Não podemos pensar em melhorar a qualidade de vidas das pessoas piorando a
nossa! Pior de tudo é imaginar que tudo isso são políticas de governo que pode
ser alterada.
Porém, existe uma
conjuntura com alguns fatores a serem explicados sobre esta surpresa de
encontrarmos um panorama de qualidade artisticamente razoável de espetáculos
apresentados na rua. A melhora econômica do país bate com o mesmo cronograma
histórico feito pelo Caio sobre a melhora no fomento as artes. É igual merda!
Fomenta pra vê! Não haveria mudanças tão profundas assim se não considerarmos
as melhoras econômicas gerais do país e por consequência disso um melhor aporte
destinado as artes. Outro fator que ajuda na organização política e criativa é
a associação na Rede Brasileira de Teatro de rua com uma intensa e diária troca
de informações sobre as mais diversas situações pelo Brasil afora com valores
de resistência que não os voltados para o mercado.
O processo do
desenvolvimento financeiro para o Rosa dos Ventos em sua produção cotidiana
geral passou por um fomento da UNESP onde ficamos 5 anos estudando com bolsas
auxílio e bolsa moradia, e podendo desenvolver o trabalho com o grupo do jeito
que minimamente gostávamos. Já na faculdade e logo depois dela entramos nos
Serviços Quadradinhos S/A (“dinheiro na mão cueca no chão”). O Tiago era o
Patati e o Fernando o Patatá. Mentira! Tínhamos vários serviços que não nos
agradava muito em fazê-los e outros que aprendemos a gostar, como apresentação
em aniversários de criança pequena (vários socos no saco! tauuu) e interação
com o público. Assim, com um pequeno amadurecimento do grupo, o nosso processo
de criação teve uma intima ligação com a nossa melhora financeira. Ou seja,
quanto mais livres dos trabalhos que não gostamos mais a nossa linguagem
estética melhora.
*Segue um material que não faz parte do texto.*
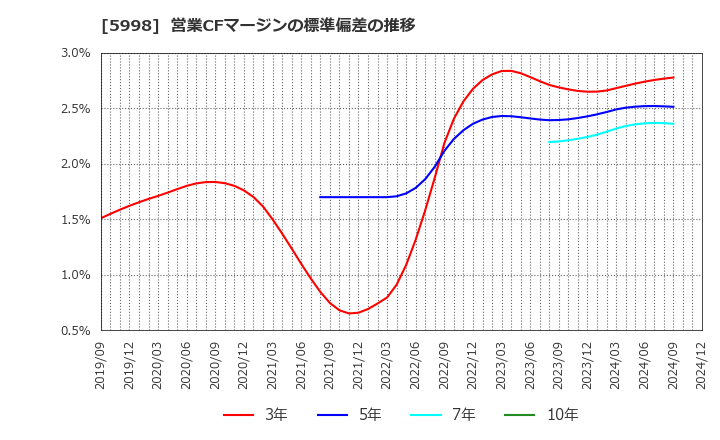 5998 (株)アドバネクス: 営業CFマージンの標準偏差の推移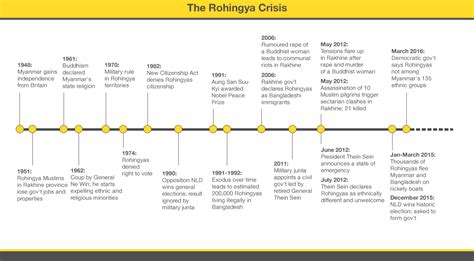 Let's Save Myanmar Now!: Bengalis (mean Rohingya) sneaked problem and ...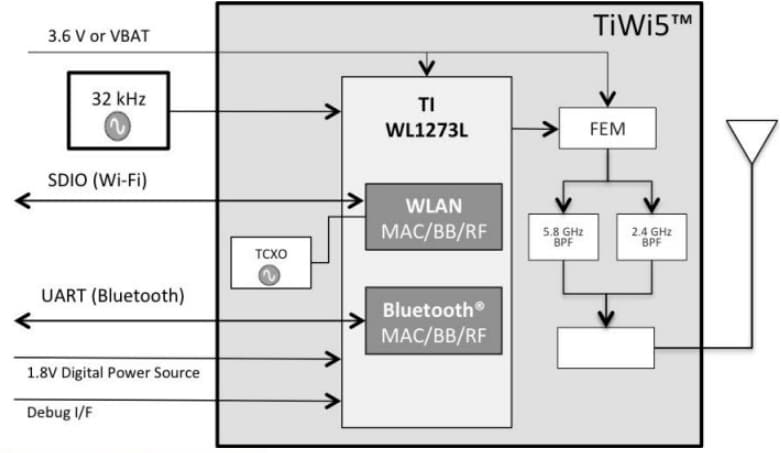Block Diagram - Ezurio TiWi5 Integrated Transceiver Modules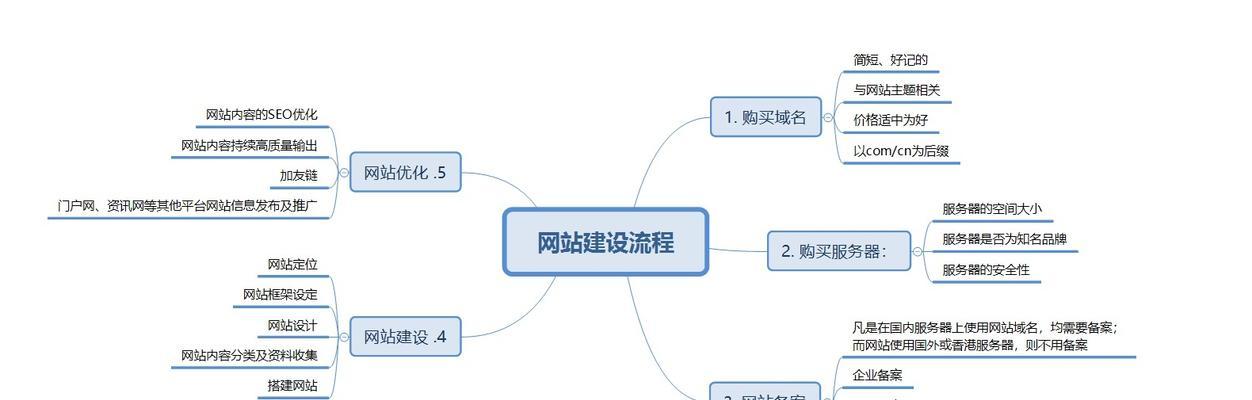贸易网站制作流程是什么？需要哪些步骤？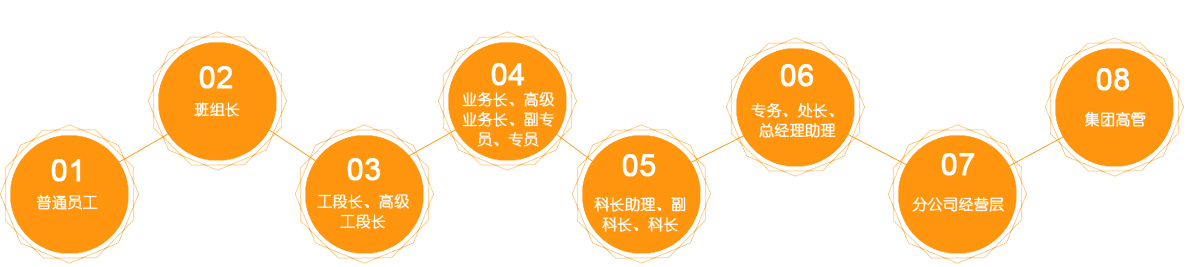 �����˲�ͨ��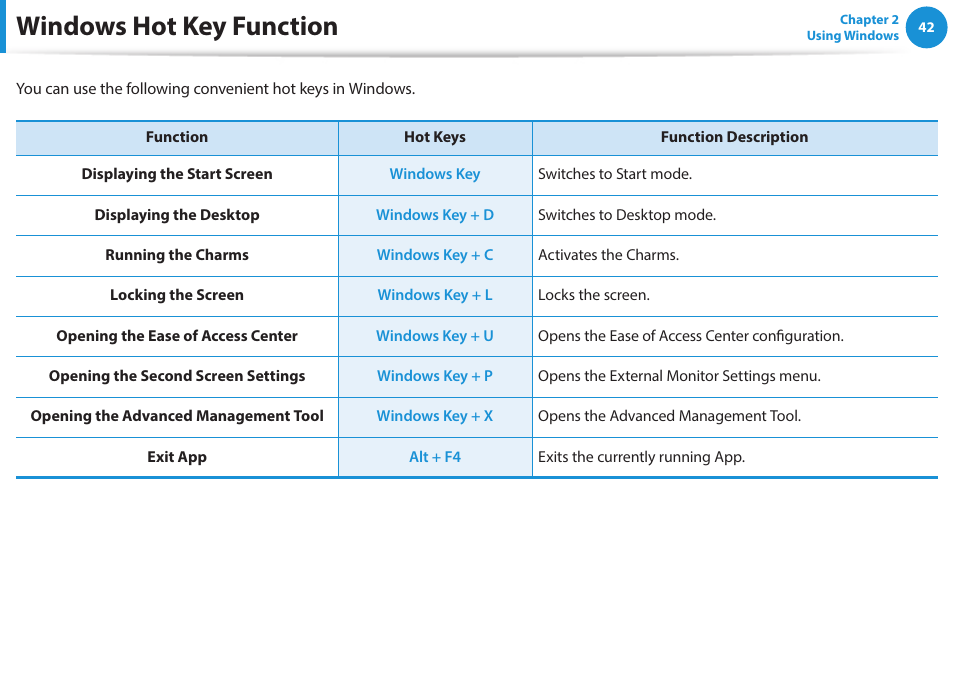 Windows hot key function | Samsung NP270E5G-K02US User Manual | Page 42 / 121
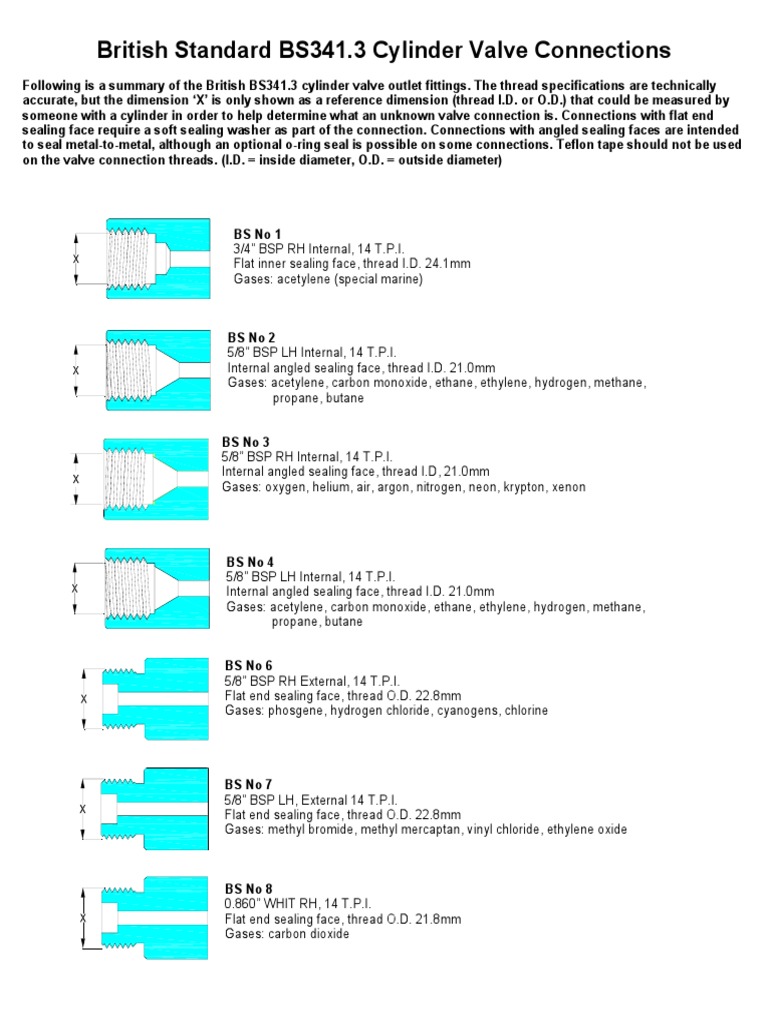 British Standard BS341.3 Cylinder Valve Connections | PDF | Nitrogen ...
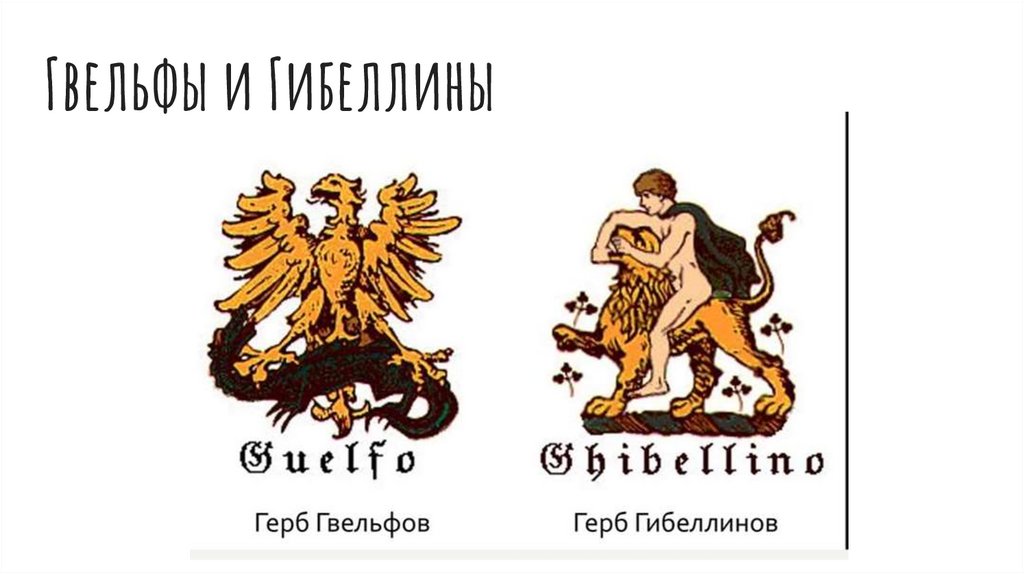 Государства оставшиеся раздробленными германия и италия в 12 15 веках презентация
Gastamos mais tempo agora pensando nas besteiras que vamos
falar e escrever.
Uma das maiores polêmicas
da noite em nossas conversas foi o fato dos trabalhos que realizamos e estamos
reforçando o “status quo” ao invés de estarmos construindo algo novo e
libertador. Se é que existe algo assim.
Porém, fazemos as nossas
escolhas e somos responsáveis por elas e em muitas situações acabamos apenas
reforçando preconceitos e doutrinamentos sobre nós mesmos em alguns trabalhos.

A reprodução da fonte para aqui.